Spark Writes

Writing with SQL

INSERT OVERWRITE

INSERT OVERWRITE can replace the partition in a table with the results of a query.

The default overwrite mode of Spark is Static, you can change the overwrite mode by

SET spark.sql.sources.partitionOverwriteMode=dynamic

To demonstrate the behavior of dynamic and static overwrites, a test table is defined using the following DDL:

CREATE TABLE mixed_catalog.db.sample (
    id int,
    data string,
    ts timestamp,
    primary key (id))
USING mixed_iceberg
PARTITIONED BY (days(ts))

When Spark’s overwrite mode is dynamic, the partitions of the rows generated by the SELECT query will be replaced.

INSERT OVERWRITE mixed_catalog.db.sample values 
(1, 'aaa',  timestamp(' 2022-1-1 09:00:00 ')), 
(2, 'bbb',  timestamp(' 2022-1-2 09:00:00 ')), 
(3, 'ccc',  timestamp(' 2022-1-3 09:00:00 '))
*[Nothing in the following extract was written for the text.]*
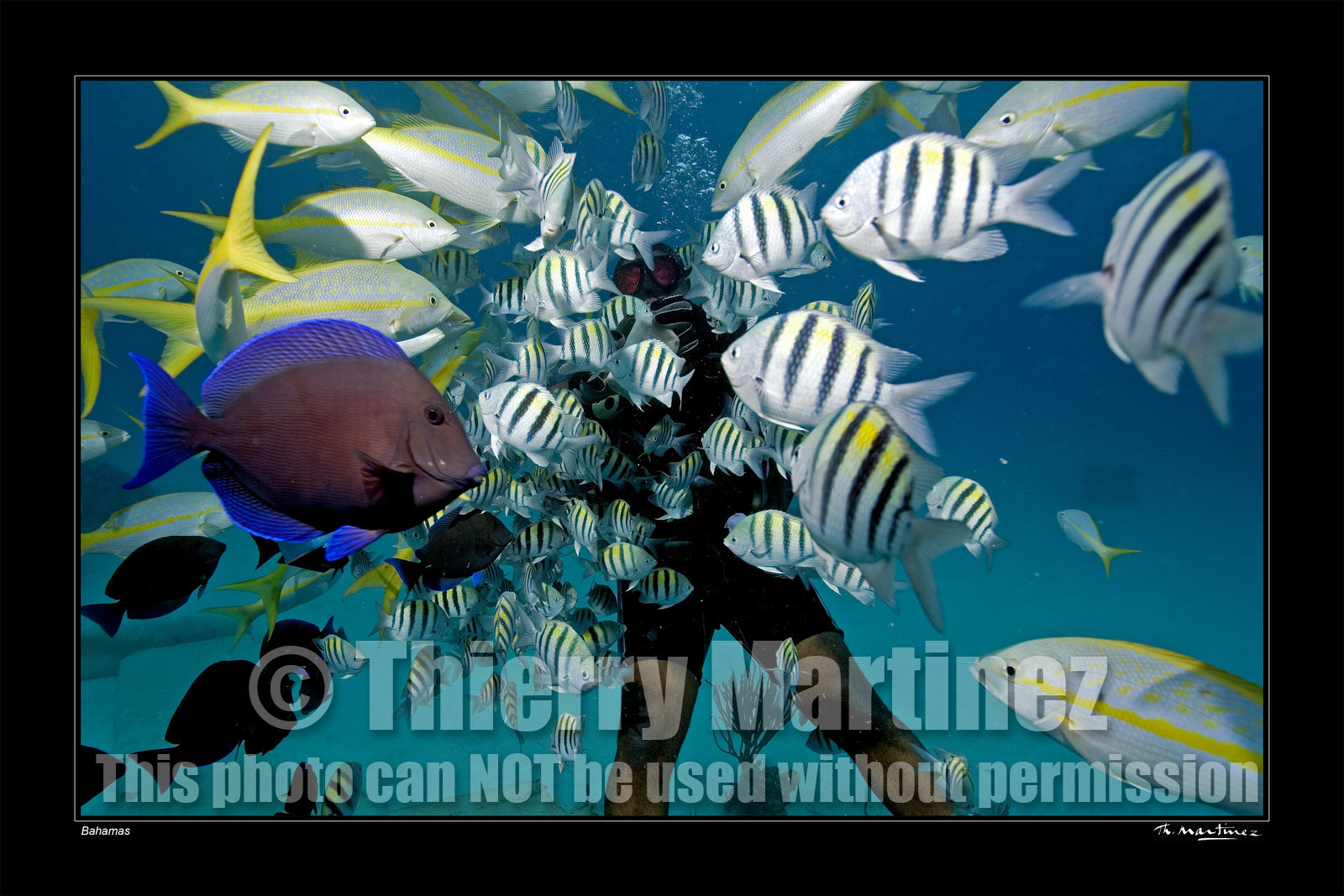 Photo disponible en tirage photo Fine Art,tirage original limités à 30 exemplaires.Chaque tirage est numéroté avec certificat d’authenticité signé.Pour choisir le format et support merci d'utiliser le caddie à coté de la photo.Formats disponibles : Tirage sur papier ( tirage seul) :  30x45 cm   40x60 cm  60x90 cm. Vous pouvez choisir le tirage avec un fond blanc ou noir , à votre convenance. Tirage sur papier contrecollé sur Dibond ( pas de bord blanc ou noir autour de l'image), avec système d'attache au dos:  30x45 cm   40x60 cm  50x75 cm  80x120cm.Tirage sur toile ( Canvas) monté sur chassis bois (pas de bord blanc ou noir autour de l'image), avec système d'attache au dos :  50x75 cm  80x120cm.Expédition ( Dans le monde entier): Colissimo (assurance) avec signature à réception. 48h pour la France métropolitaine.Il est possible de récupérer les tirages à La Galerie du Golfe (sans frais d'expèdition).Conditionnement tirages seuls: tube cylindrique renforcé + boite.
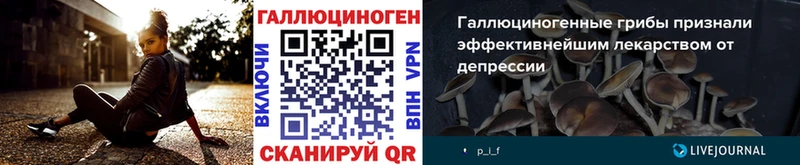Псилоцибиновые грибы ЛСД  где продают наркотики  Краснозаводск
When Spark’s overwrite mode is static, the PARTITION clause will be translated into the result set of the SELECT from the table. If the PARTITION clause is omitted, all partitions will be replaced.

INSERT OVERWRITE mixed_catalog.db.sample 
partition( dt = '2021-1-1')  values 
(1, 'aaa'), (2, 'bbb'), (3, 'ccc') 

In Static mode, it is not supported to define transforms on partitioning columns.

You can enable uniqueness check of the primary key on the source table by setting spark.sql.mixed-format.check-source-data-uniqueness.enabled = true in SPARK SQL. If there are duplicate primary keys, an error will be thrown during the write operation.

INSERT INTO

To append new data to a table, use INSERT INTO.

INSERT INTO mixed_catalog.db.sample VALUES (1, 'a'), (2, 'b')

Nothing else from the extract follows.